Władze rosyjskiego Dagestanu próbują ratować wygłodzone pelikany, które przyleciały z zamarzniętych delt Wołgi i Tereku do Machaczkały. Przy temperaturze od -20 do -30 st. C Morze Kaspijskie zamarzło po raz pierwszy od lat, uniemożliwiając pelikanom połów ryb.
Wielkie ptaki umierają z zimna i głodu w zamarzających wodach przybrzeżnych zwykle ciepłego Dagestanu.
Koczują w stoczni
Kilkaset pelikanów kędzierzawych, objętych ochroną gatunkową, schroniło się na terenie stoczni w pobliżu Machaczkały.
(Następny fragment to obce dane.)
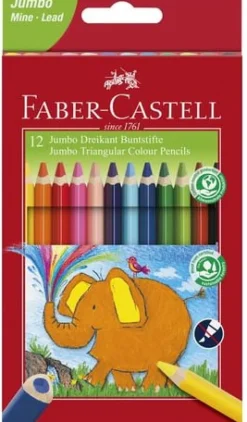 Färgpenna Jumbo trekant 12 färger/fp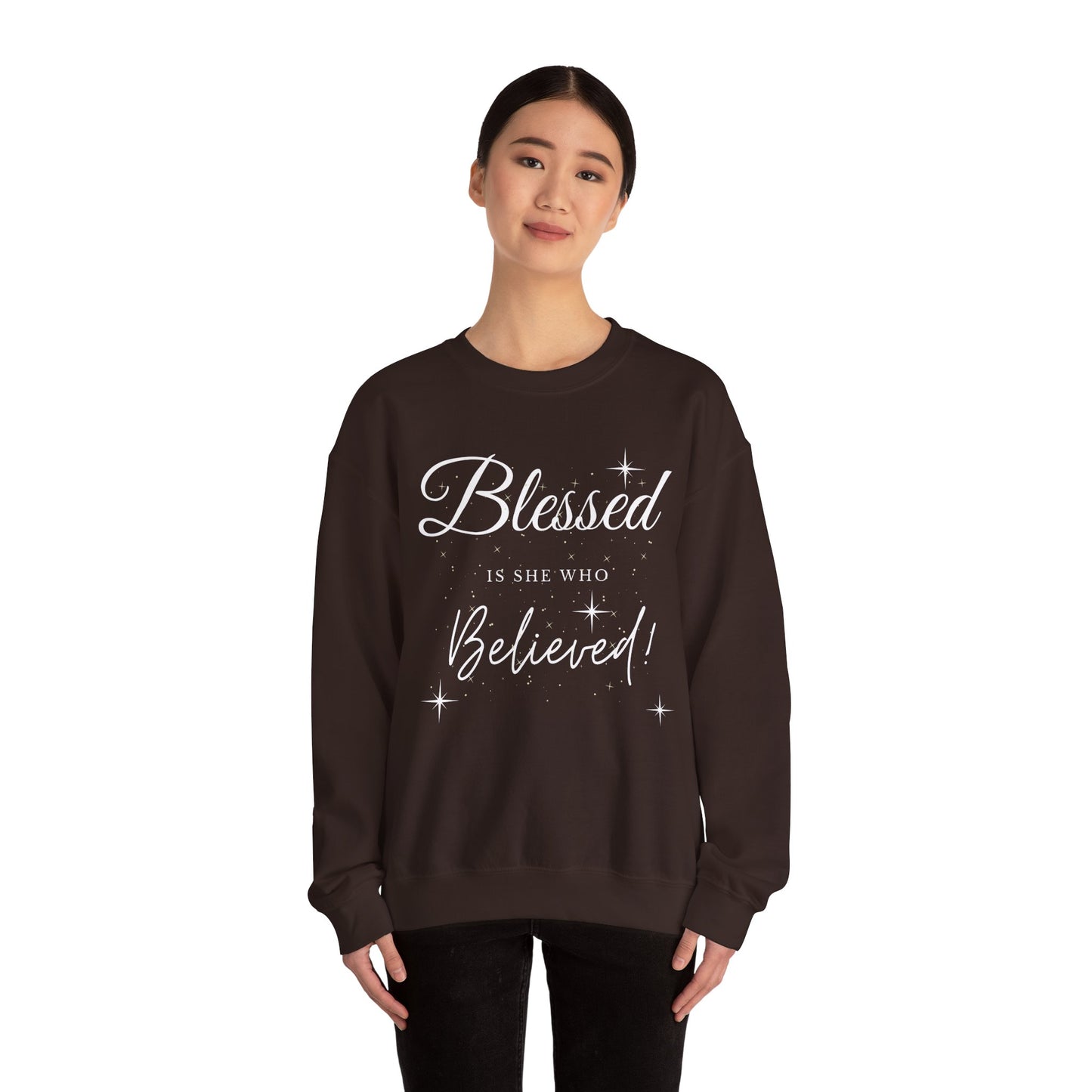 Blessed Is She Who Believes Crewneck Sweatshirt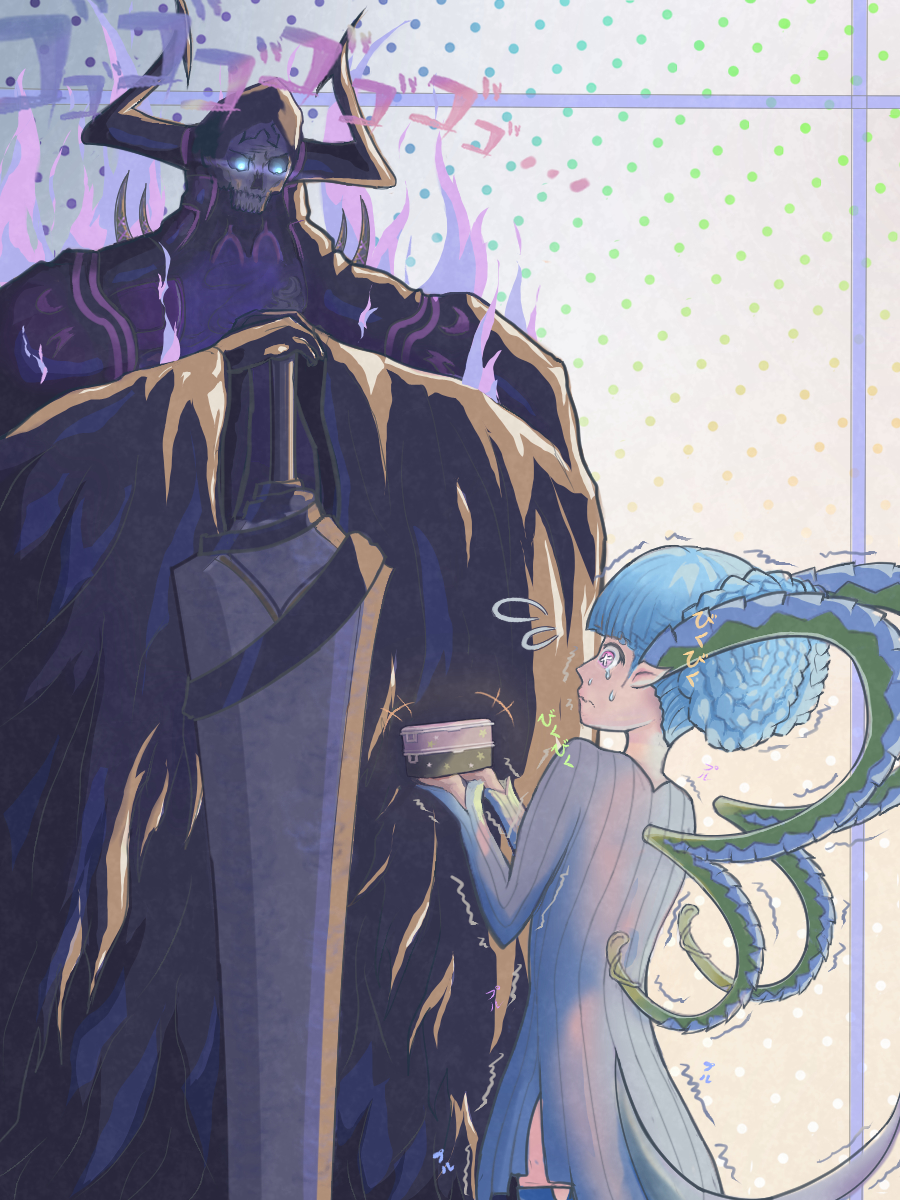 1boy 1girl bento blue_eyes blue_hair curled_horns fate/grand_order fate_(series) glowing glowing_eyes height_difference highres holding_bento horns king_hassan_(fate) larva_tiamat_(fate) scared sword tiamat_(fate) trembling upper_body user_negu2872 weapon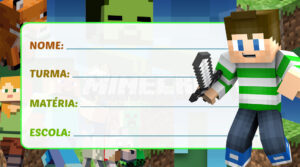 Etiqueta Escolar Minecraft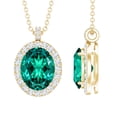 thumbnail image 1 of Rosec Jewels Lab Grown Emerald Pendant Necklace with Diamond Halo for Women - AAAA Grade, 18K Yellow Gold, 1 of 6
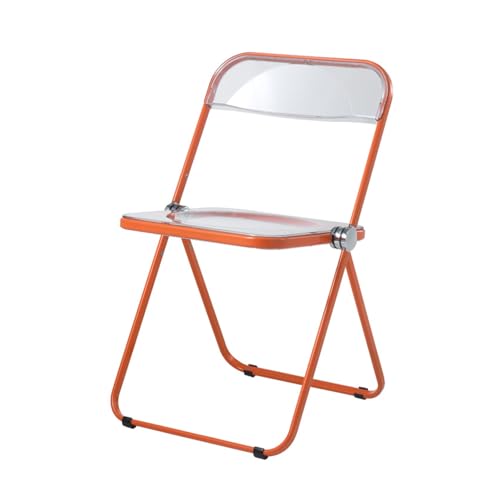 YPAPBHT Leichter Klappstuhl aus Acryl, transparenter Stuhl for zu Hause, leicht zu verstauender Esszimmerstuhl mit Rückenlehne(Orange) von YPAPBHT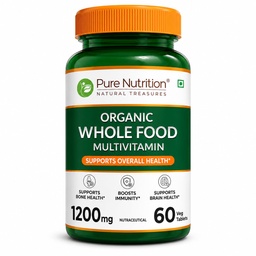 Pure Nutrition Organic Whole Food Multivitamin | Plant Based Multivitamin Tablets with Vitamins A, C, D3, E, K2, B-Complex, Biotin & B12 | Minerals with Calcium, Magnesium, Zinc, Iron & Selenium | 60 Veg Tablets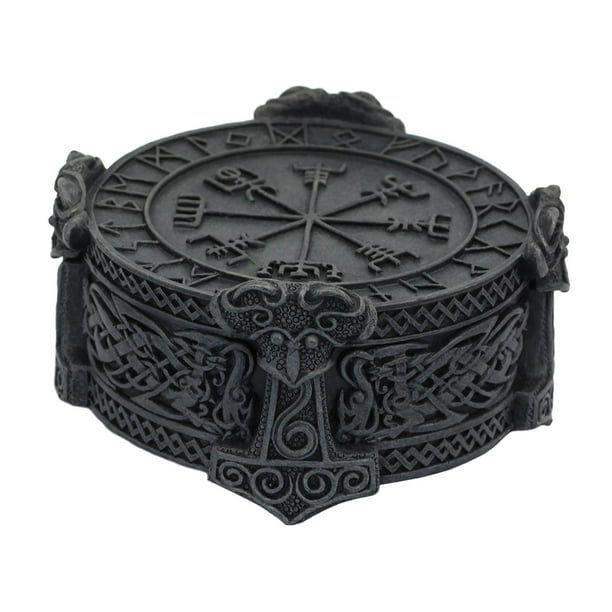 Caja de baratija de joyería , Estuche de Viaje artesanal de Estilo Vintage, martillo de THOR anudado para regalo de cumpleaños, gemelos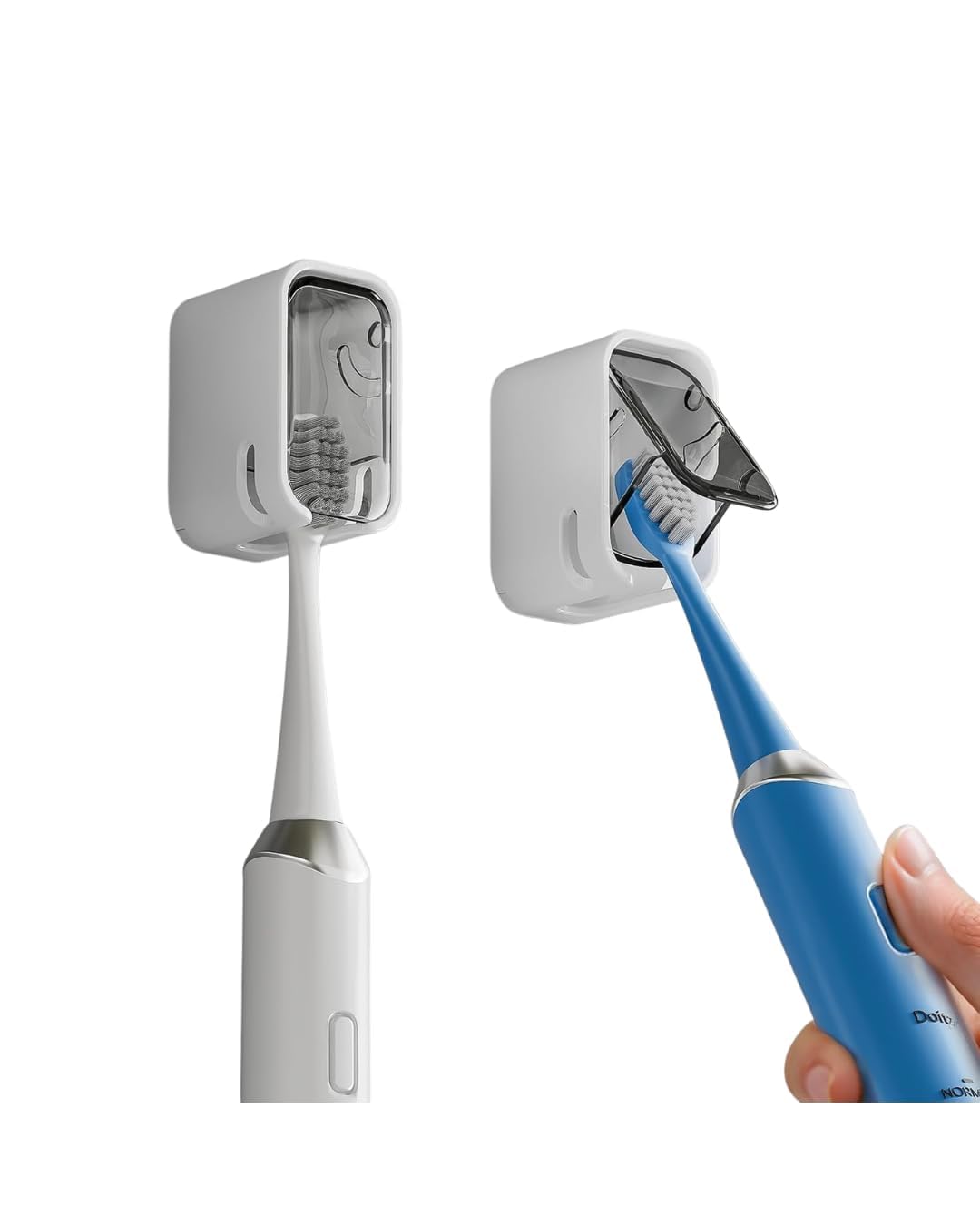 UTCLON Wall Mounted Toothbrush Holder with Lid, Pack of 2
Zdjęcia stłoczonych ptaków na terenie przemysłowym, m.in. pelikana grzejącego się przy ognisku, zamieszczają od poniedziałku media.
Pracownicy dagestańskiego ministerstwa środowiska i ochotnicy z organizacji pozarządowych przynoszą pelikanom ryby, choć początkowo władze stoczni nie chciały wpuszczać ich na swój teren.
Pelikan kędzierzawy mierzy 160-180 cm, a rozpiętość jego skrzydeł wynosi ponad trzy metry. Ptak waży 11-15 kg i jest największym przedstawicielem rodziny pelikanów. W południowej Rosji żyje około 1400 pelikanów kędzierzawych.
Dorosły osobnik potrzebuje co najmniej 2,5 kg ryb dziennie.